In recent years “sustainability report cards,” which attempt to benchmark sustainability efforts, have been developed by a range of entities including states, cities, regions, and individual organizations. Like a checkup, periodic measures like this reflect a growing realization that assessment and informed action require reliable data. But how useful is the information currently gathered among governments, policy makers, and practitioners? How often are data integrated across physical, economic, and social systems in ways that can be truly prognostic of the community’s overall “health”? How often is data from the indicators actually consulted to inform the design of policies or to evaluate the success of interventions?

These are urgent questions: the rapidly changing planet demands that we act quickly and effectively to transform our methods of living on this earth in ways that are consistent with its biophysical limits and that allow us to adapt to changes over the next century. To do that, we need good assessment tools along with solid data that match the scales at which different types of interventions can be deployed across a wide range of outcomes related to physical, economic, and social systems.

This paper explores efforts to develop “metrics of sustainability.” The conceptual foundation of the research driving this initiative is full-spectrum sustainability—a holistic, comprehensive, applied paradigm of sustainability that considers integrated socio-economic and physical measures of progress for communities in tandem with efforts to maximize community engagement and social/environmental justice.2 The research is situated in Oberlin—a small college town in Ohio—where multiple initiatives are underway to effect transformations towards full-spectrum sustainability. Below we explain why metrics are important, identify the problems with existing metrics, and describe our approach as one potential solution.

Effective metrics need quality data

Given growing climate destabilization, quality data is essential to support effective responses by policy makers. Advances in our understanding of sustainability and measurement technology are ready to support the development of this foundation. Despite the time urgency of developing new and cost-effective interventions, we must be careful to consider lessons from the past on the importance of quality evaluation. It is not always obvious what is working and what is not, particularly when outcomes are multi-faceted, and are social or psychological in nature, such as improving overall wellbeing, social justice, and shifts in values. Joan McCord3 describes a now classic intervention executed in the 1930’s where the goal was to take boys at risk for delinquency and provide them with sustained social services and support. The program was well designed and well run. Each boy received from a professional social worker tutoring, referral to special services like eye doctors, and a number of enrichment activities like trips to sporting events, access to a wood shop, and a summer camp. During, immediately after, and 30 years after the program, participants swore the program was the best thing that ever happened to them. Sounds like a success! But was it?

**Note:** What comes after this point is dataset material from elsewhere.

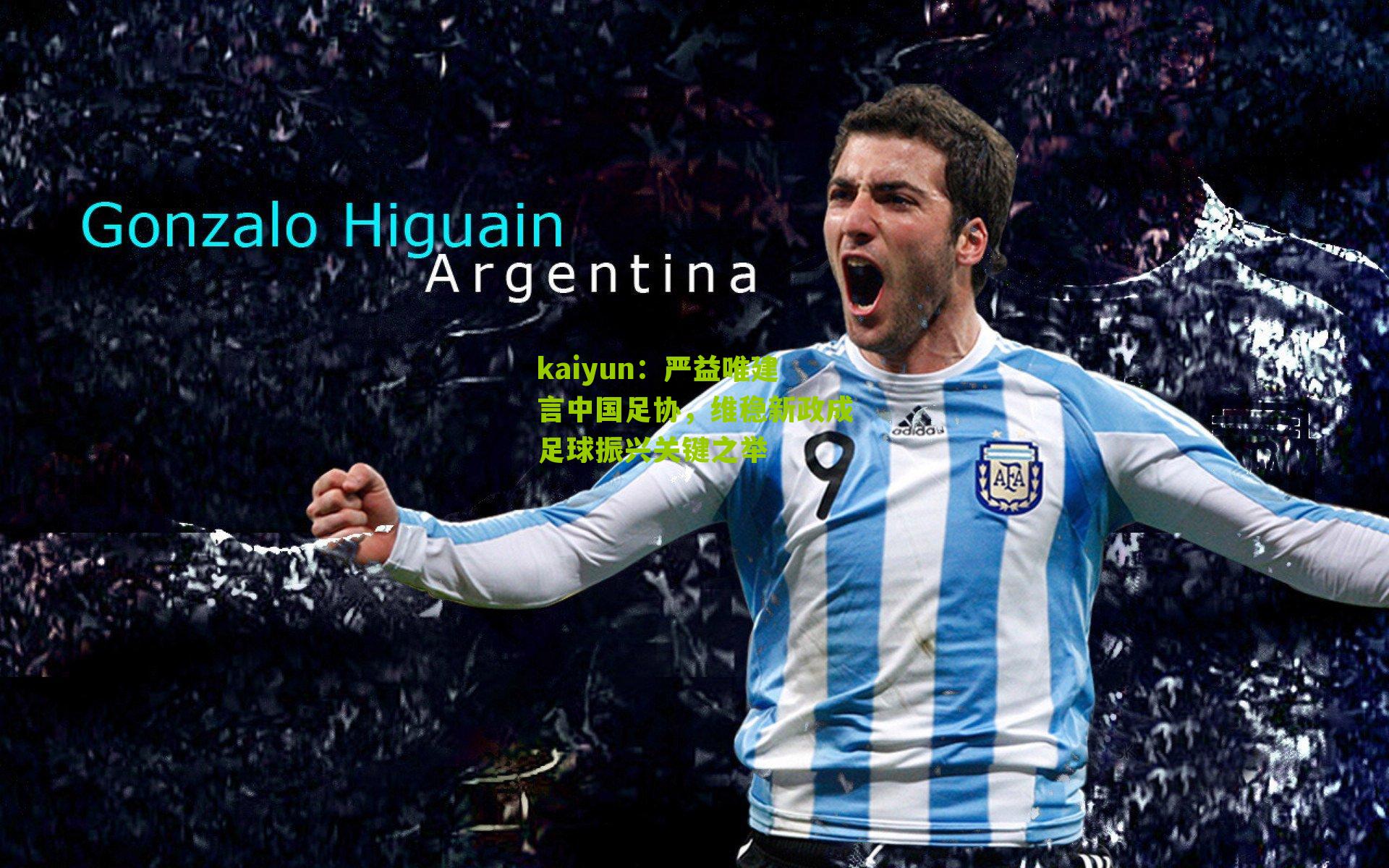 严益唯建言中国足协,维稳新政成足球振兴关键之举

Luckily, the researchers did an equally outstanding job of assessing their program by including a control group of boys paired on major demographic variables who received no intervention. Three years after the program the boys who received services were just as likely to have appeared in court as controls. Thirty years later, the intervention group had a higher rate of mental illness, arrests, serious crime, alcoholism, and death. Not only did this program not help, it possibly hurt. Yet it sounded so good. If the data had not been collected to track individual outcomes over a sufficiently long time scale, we would have never known.


Michael Porter / Flickr
“Buying local” is a common initiative to reduce fuel consumption for shopping trips and improve local communities.

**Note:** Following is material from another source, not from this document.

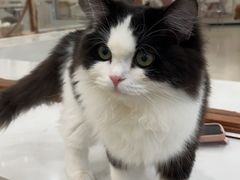 -共舞时光猫咖·狗咖(新街口店)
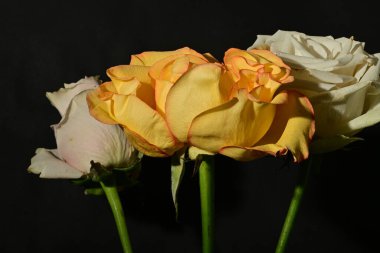 Siyah arka planda güzel gül çiçekleri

Existing data are inadequate

Unfortunately, good data is not always readily available and quality evaluation does not always come easily or cheaply. The ability to link human actions and policies to real and measurable changes in quality of life, quality of the environment, equity, and social change requires types of data that are not currently collected in a systematic way. As cities large and small embrace broad sustainability goals and initiatives, there is renewed enthusiasm for using ready-made social and economic indicators to benchmark, compare, and evaluate progress on key social and economic dimensions of sustainability. Yet for most key measurements of the social, economic, and physical health of communities, researchers and decision makers remain at the mercy of traditional administrative sources of data, collected and updated at time intervals and geographic scales that have remained largely unchanged over the past fifty years.

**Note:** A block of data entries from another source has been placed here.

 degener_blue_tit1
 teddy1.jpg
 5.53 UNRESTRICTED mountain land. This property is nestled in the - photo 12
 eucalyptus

Consider the kinds of economic and environmental indicators that are readily available to communities who want to measure progress towards sustainability goals. Census data is available every 10 years and can be used to track basic demographic and economic characteristics such as income, unemployment, poverty, and education as well as sustainability—relevant indicators such as population density, housing characteristics, commute times, and transportation modes. Though many census variables are collected at the block level which offers some granularity, comparable environmental measures such as biodiversity and air and water quality are not collected at the same or overlapping scales. Social indicators that reveal issues of equity, social norms, and networks are virtually non-existent. And unlike many economic or physical variables that are routinely monitored and recorded, these variables cannot be captured or recreated retrospectively. Though nationally available social and economic indicators provide an opportunity to compare places as far apart as Homer, Alaska and Key West, Florida, this benefit of geographic coverage is often outweighed by their lack of richness. Most indicators were not designed to support decision making nor were they created with sustainability goals in mind. As such, they are insufficient to support comprehensive assessment tools at the community scale.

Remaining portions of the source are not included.